Fishman does to Wal-Mart specifically what Eric Schlosser did for the fast food companies in general: probe into the details of their business, as far as the corporate obsession with secrecy will allow, and air out the laundry. But if Sclosser is a journalist looking for the ‘dark side’ of his subject, Fishman takes more of a neutral stance; however, a sense of awe pervades the text. He’s no less critical of Wal-Mart, but more honestly curious. It is the same attitude one might find in a history of Napoleon’s Grand Armee or the German Wehrmacht. The difference is that those legendary armies of old are now long gone: Wal-Mart is still very much alive: the changes it brings about are seen in the newspapers, not the history books.

            The secret to Wal-Mart’s success lays in its near-maniacal obsession with finding the cheapest products and offering them as cheaply as possible.  This seems an obvious proposition: doesn’t every business use that as its model?  Wal-Mart’s distinction is a matter of degree: cutting expenses is an obsession in this corporation, at all levels.
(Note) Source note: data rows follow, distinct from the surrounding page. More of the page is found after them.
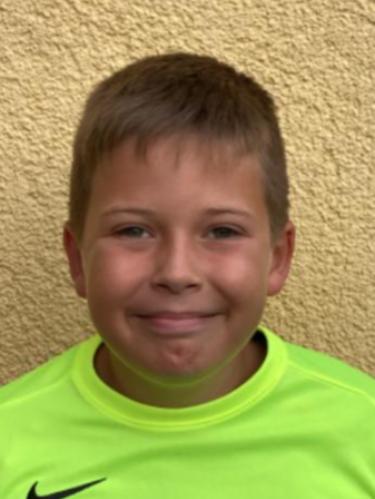 Avatar Bild für Jannik Lechler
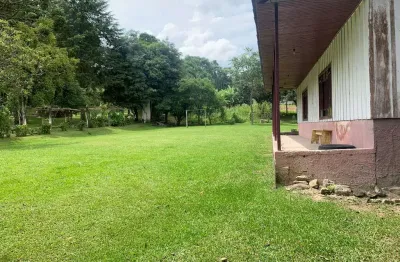 Baixou o valor !!  chácara à venda, campestre da faxina, são josé dos pinhais, pr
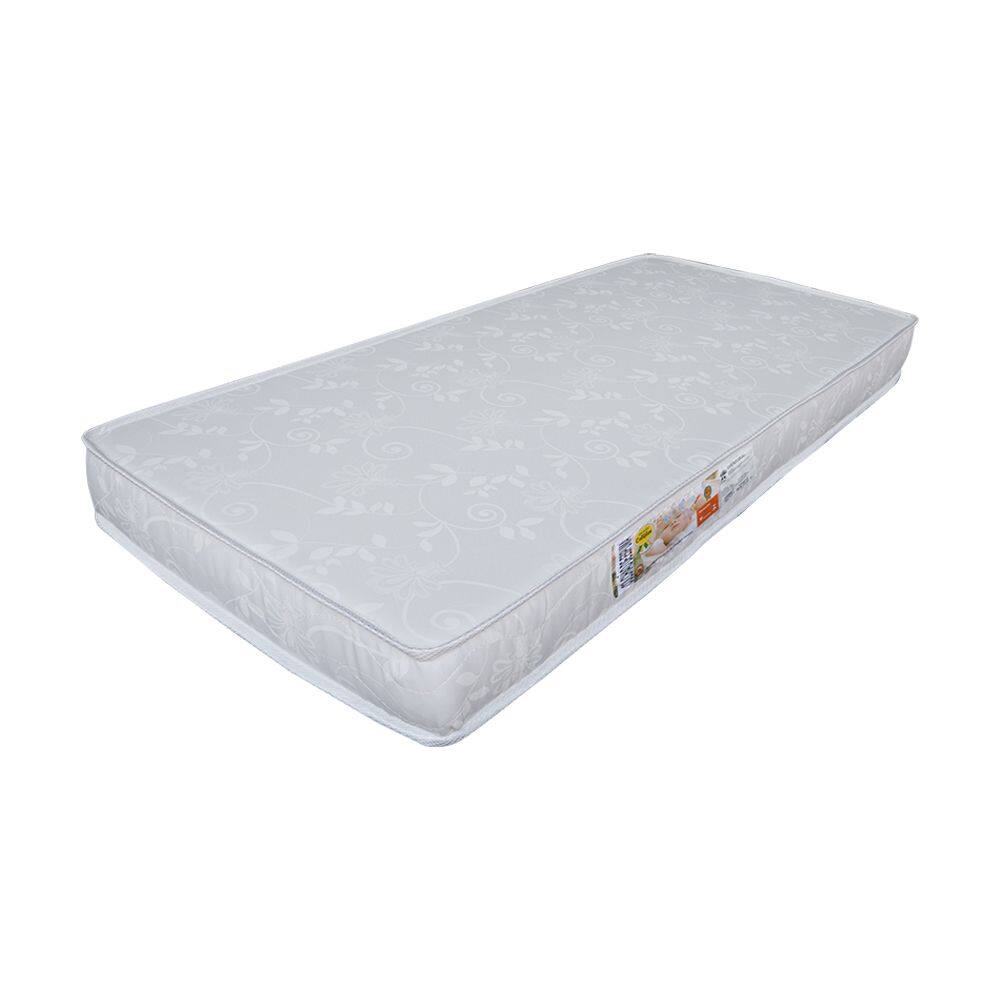 Colchão Juvenil D20 150x70x10cm para Mini Cama - Celiflex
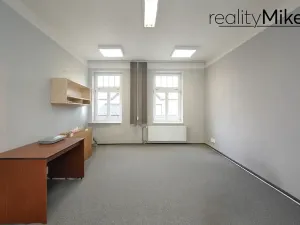 Prodej výrobních prostor, Rychnov u Jablonce nad Nisou, Truhlářská, 1246 m2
Fishman’s investigations find workaholic executives who meet in boardrooms filled with discarded lawn furniture, because Wal-Mart sees no reason in buying furnishing that hopeful clients provide for free. He finds managers who lock their employees in overnight and encourage people to work off the clock – and employees who exist in a perpetual limbo between partial and full employment,  working too few hours to qualify for the meager benefits, but too many to look for a second job. But one expects a chain store like Wal-Mart to prosper by keeping wages low;  the war it wages on its suppliers is more novel.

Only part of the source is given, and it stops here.